Despite some indications that the business environment for these discoveries is improving locally — such as an expanding angel-investor network and Penn’s #1 ranking in “tech transfer” revenue — Philly is still lagging behind competitors in terms of capital. And the reality is that early-stage companies will continue to relocate to top-tier hubs like Boston, San Jose, and the Bay Area to be closer to those money centers.
But the emerging potential of AI like BioPhy’s technology might make geography slightly less essential. In January, a report by McKinsey Global Institute estimated that AI could generate $60 billion to $110 billion per year in economic value for the global pharmaceutical industry, largely by reducing the costs of R&D: “It can boost productivity by accelerating the process of identifying compounds for possible new drugs, speeding their development and approval.”
To be clear, the growth of AI won’t erase the venture-capital conundrum that exists within Philly’s medical ecosystem. But it’s making a positive difference. Audrey Greenberg, who is the co-founder of the Center for Breakthrough Medicines in King of Prussia — a contract development organization that supports biotech companies — has seen the impact of AI. “It really minimizes failure rates,” says Greenberg. “And then when it comes to cell and gene therapy development, there are ways you can use it at all stages … to discover new gene targets or design delivery vectors, or even predict patient responses.”

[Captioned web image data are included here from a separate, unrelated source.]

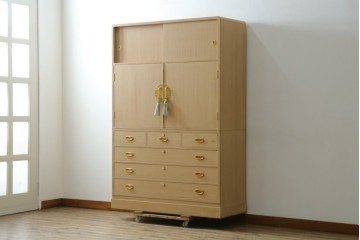 中古　伝統工芸士　中田静夫作　収納力に優れた紀州箪笥　定価約100万円　(R-087598)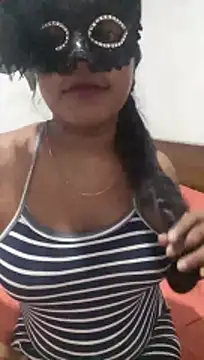 Snapshot of vinushi chatting on October 26, 2:17 am vinushi online show from October 26, 2:17 am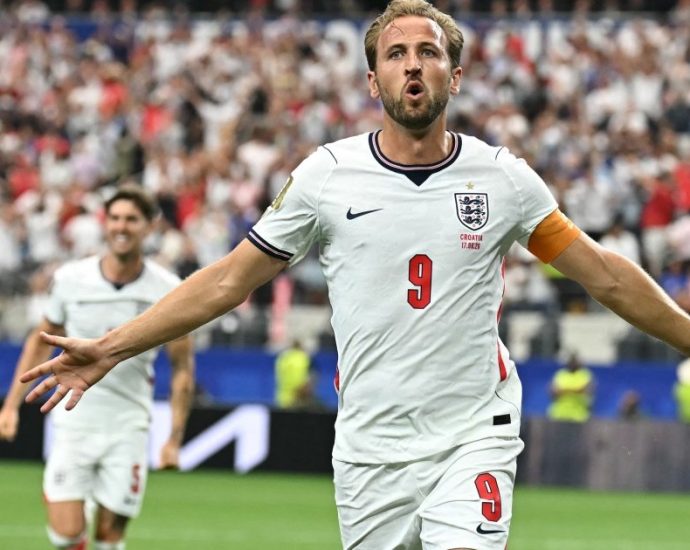 kane-double-fires-england-past-croatia-in-world-cup-thriller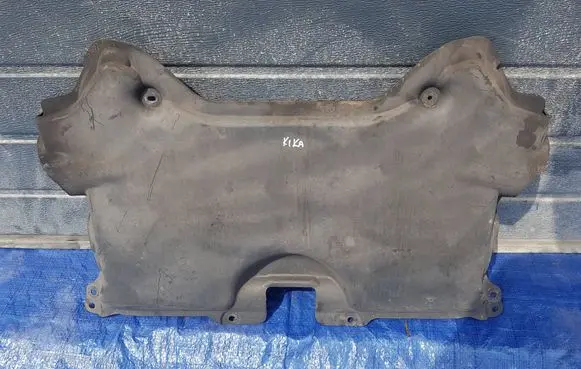 Mercedes-Benz C W204 Engine splash shield/under tray A2045242430GGT A2045242430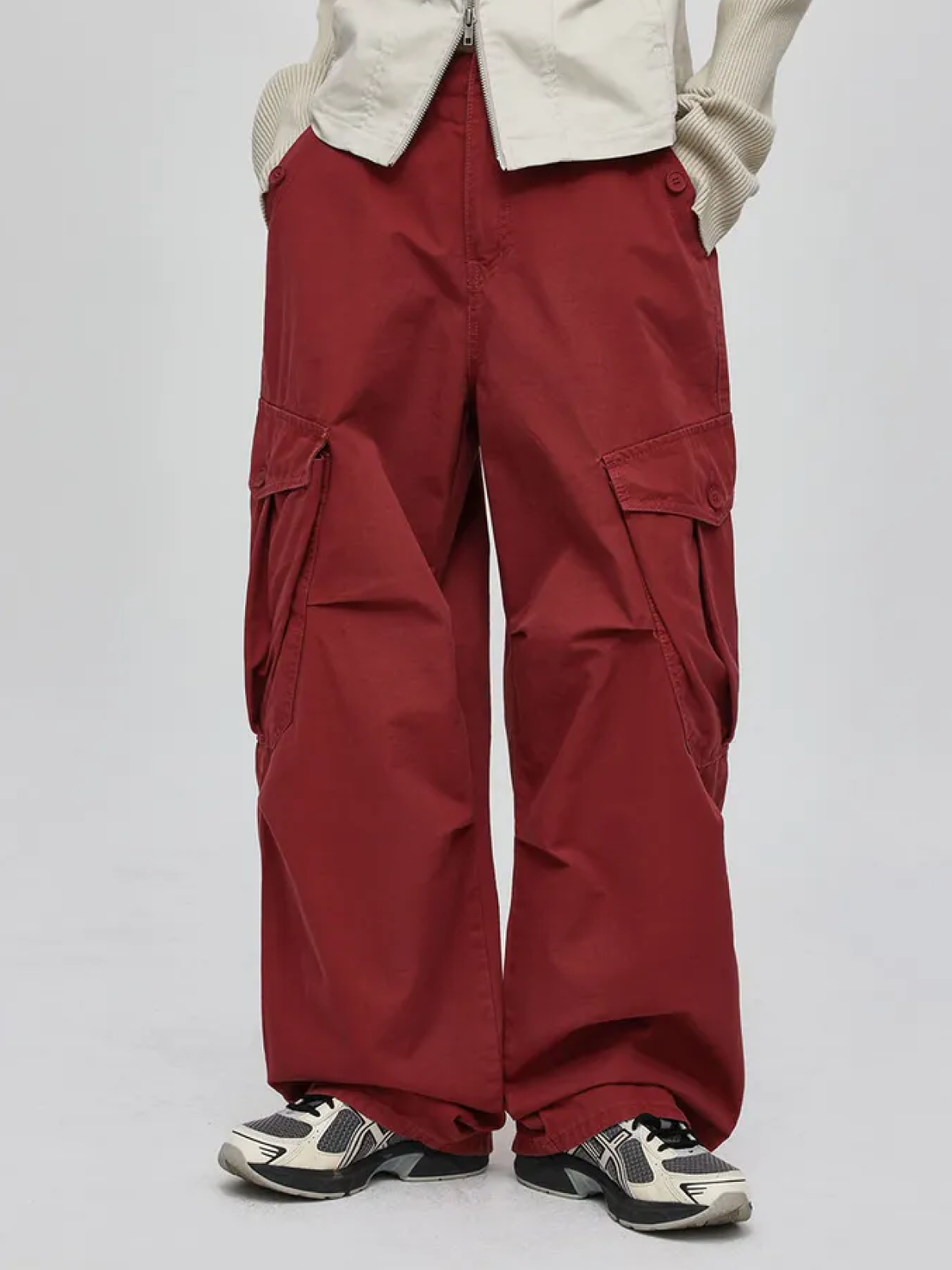 Chino Cargo Pants with Pocket Detail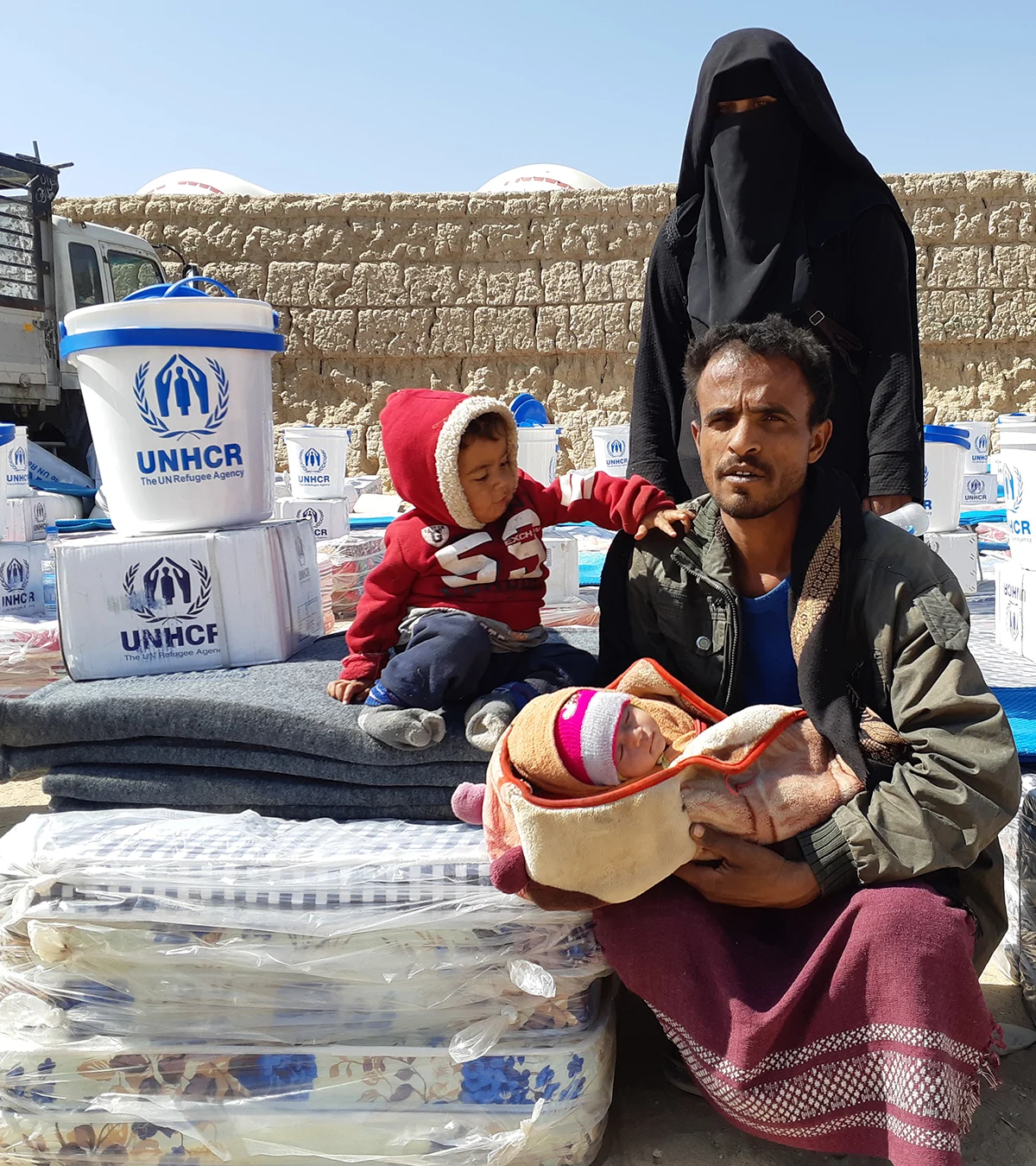 Familia iliyohama makazi nchini Yemen ikipokea msaada wa UNHCR; picha ya kumbukumbu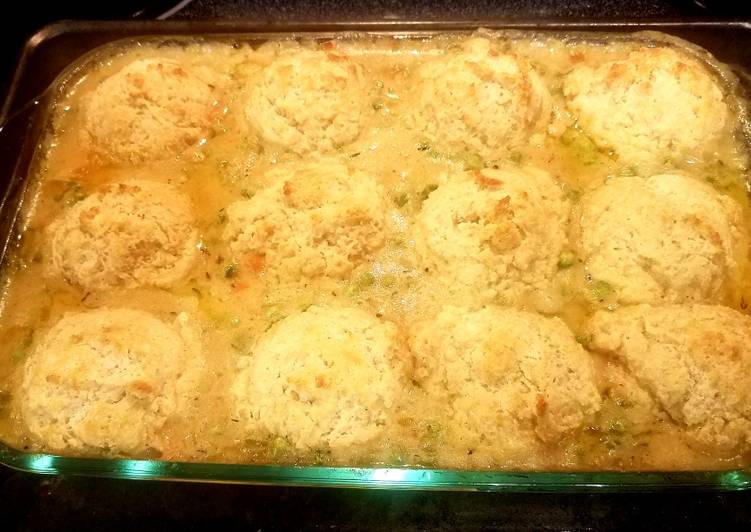 Roasted chicken and biscuit casserole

The business model of companies focused on cell and gene therapy remains difficult. However, each marginal improvement could make the difference between an early-stage company staying put and moving to where the money is. “Where cash is tight, you have to get it right. AI can only be our friend,” says Audrey Greenberg.
Philly could borrow strategies that have worked elsewhere to boost medical businesses, ranging from tax breaks to investment funds that are backed by public bonds. But another idea is voiced by Truong: “Just owning the Bio-AI space — that would be huge in drawing a critical mass here,” he says. “Philly politicians can recognize that there’s probably a moment, literally right now, to do this. It’s not just us. There are other AI companies here, and if we can capture this moment, we can capture the cell and gene therapy discoveries as well.”